Aber nicht nur der spätere Papst legte eine sehr legere Haltung im Umgang mit Kin­der­schändern in den eigenen Reihen an den Tag. Auch dem Münchner Erz­bi­schof Kar­dinal Reinhard Marx warfen die Gut­achter Fehl­ver­halten im Umgang mit zwei Ver­dachts­fällen von sexu­ellem Miss­brauch vor. Auch Ratz­ingers direktem Nach­folger als Münchner Erz­bi­schof, Kar­dinal Friedrich Wetter, wirft das Gut­achten Fehl­ver­halten in 21 Fällen vor.

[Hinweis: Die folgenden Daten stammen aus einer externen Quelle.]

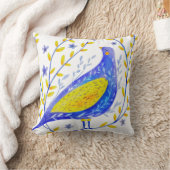 モダンな水彩画の青と黄色の鳥の芸術 クッション (ブランケット)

Dass die Aus­tritte wohl stark mit den Miss­brauchs­ver­brechen durch Geist­liche zusam­men­hängen, zeigt sich durch die Aus­tritts­wellen in den weiter zurück­lie­genden Jahren:

Im Sep­tember 2018 hatten die Bischöfe die Studie ver­öf­fent­licht, in der das Ausmaß sexu­ellen Miss­brauchs zwi­schen 1946 bis 2014 unter­sucht wurde. Darin fanden sich Hin­weise auf bun­desweit 3.677 Betroffene sexu­eller Über­griffe durch katho­lische Geist­liche. Schon Ende 2018 hatten die Aus­tritts­zahlen dar­aufhin deutlich zuge­nommen, wie Stich­proben zeigten.“ 

Die Kirchen werden sich kaum davon erholen. Einmal ver­spieltes Ver­trauen lässt sich besonders in diesem Fall nicht wie­der­her­stellen. Zum einen, weil das einzige „Ver­kaufs­modell“ – oder neu­deutsch: ihr „Unique Selling Point“ einzig und allein das Prinzip einer hohen Moral ist, das Ideal, ein got­tes­fürch­tiges, mög­lichst sün­den­reines Leben zu führen, Gottes zehn Gebote zu befolgen und seinen Nächsten, also seine Mit­men­schen, so zu lieben, wie sich selbst. Das wird ständig von der Kanzel gepredigt. Wenn aber die­je­nigen, die diese Lehren auf die Köpfe ihrer Schäflein her­nieder regnen lassen, selbst üble Ver­brecher sind, fähig und willens zu den nied­rigsten Taten … dann ist damit auch die ganze Insti­tution obsolet.